Supplied material:
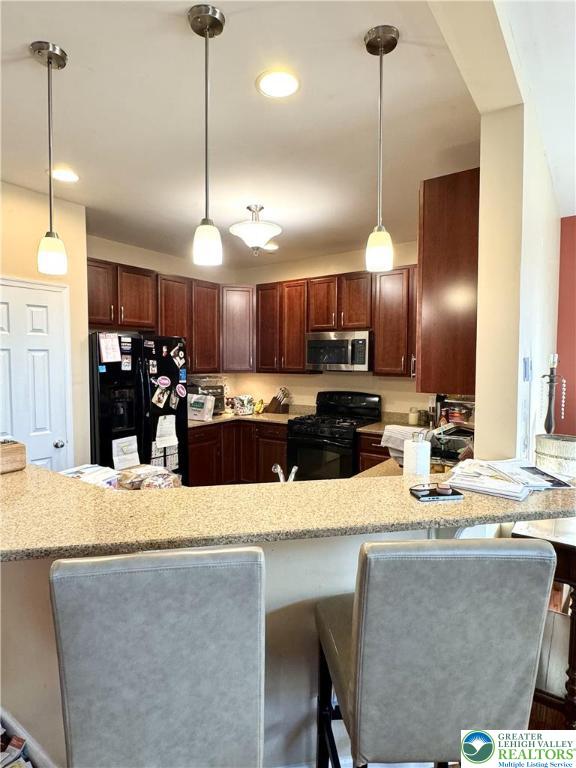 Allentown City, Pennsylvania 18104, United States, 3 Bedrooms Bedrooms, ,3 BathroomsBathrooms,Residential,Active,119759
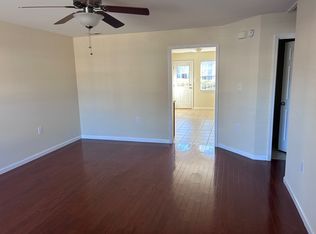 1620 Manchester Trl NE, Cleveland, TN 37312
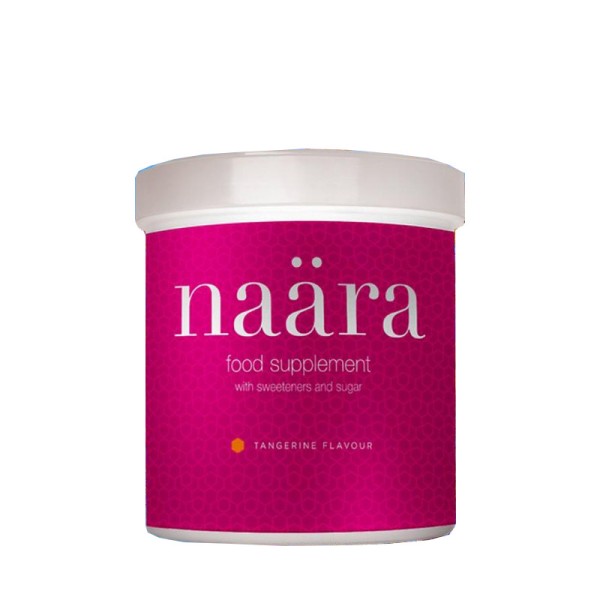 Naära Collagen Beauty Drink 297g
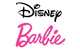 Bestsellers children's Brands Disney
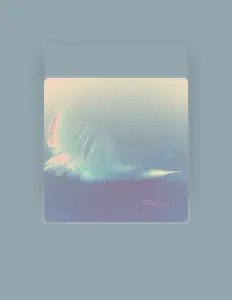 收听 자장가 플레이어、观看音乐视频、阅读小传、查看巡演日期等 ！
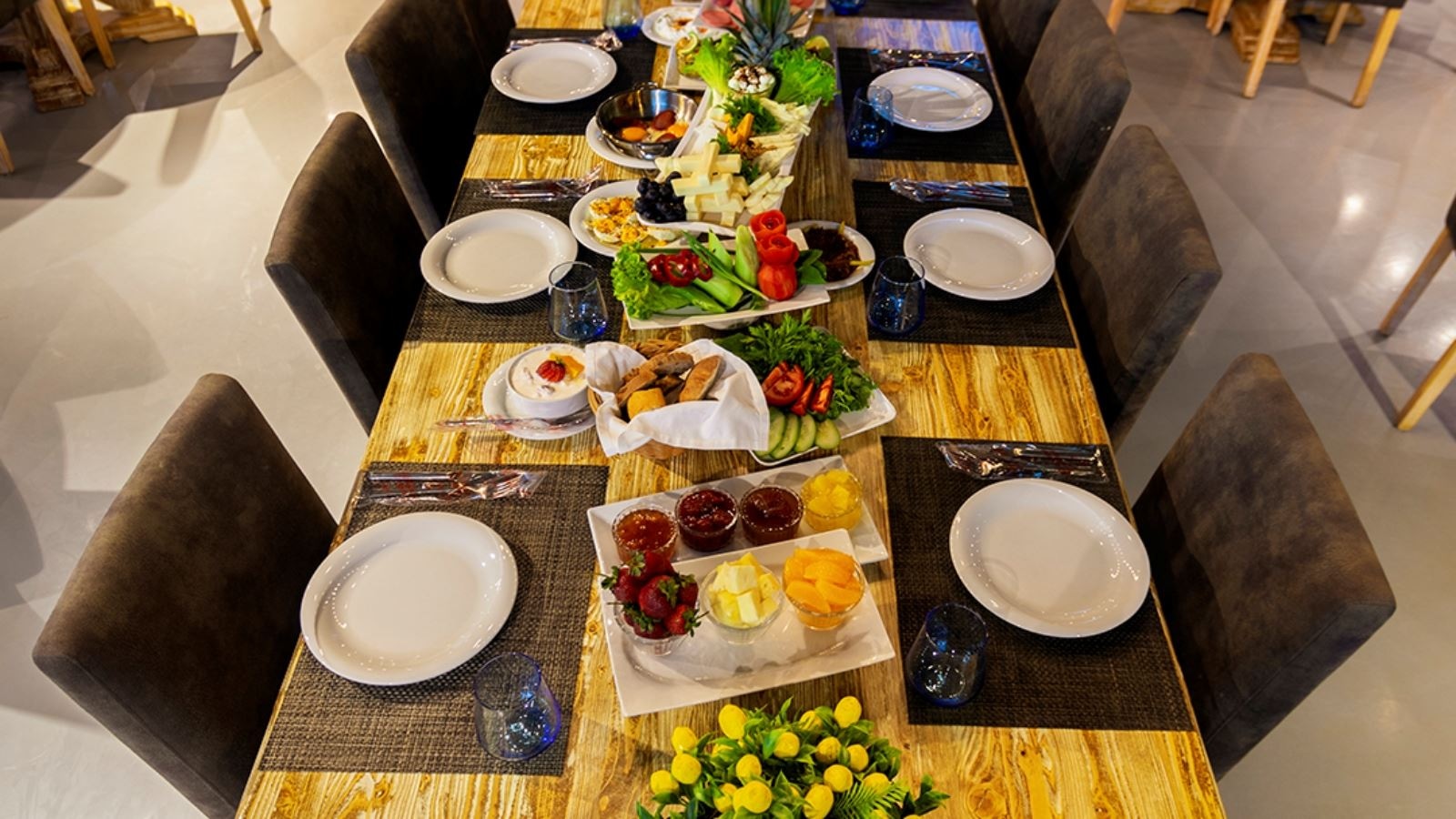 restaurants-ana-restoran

Problem to work on:
Each line from the one with "1620 Manchester Trl NE, Cleveland, TN 37312" to the final line of the data above is to be printed exactly; no picture should appear in the copy.

Problem solution:
 1620 Manchester Trl NE, Cleveland, TN 37312
 Naära Collagen Beauty Drink 297g
 Bestsellers children's Brands Disney
 收听 자장가 플레이어、观看音乐视频、阅读小传、查看巡演日期等 ！
 restaurants-ana-restoran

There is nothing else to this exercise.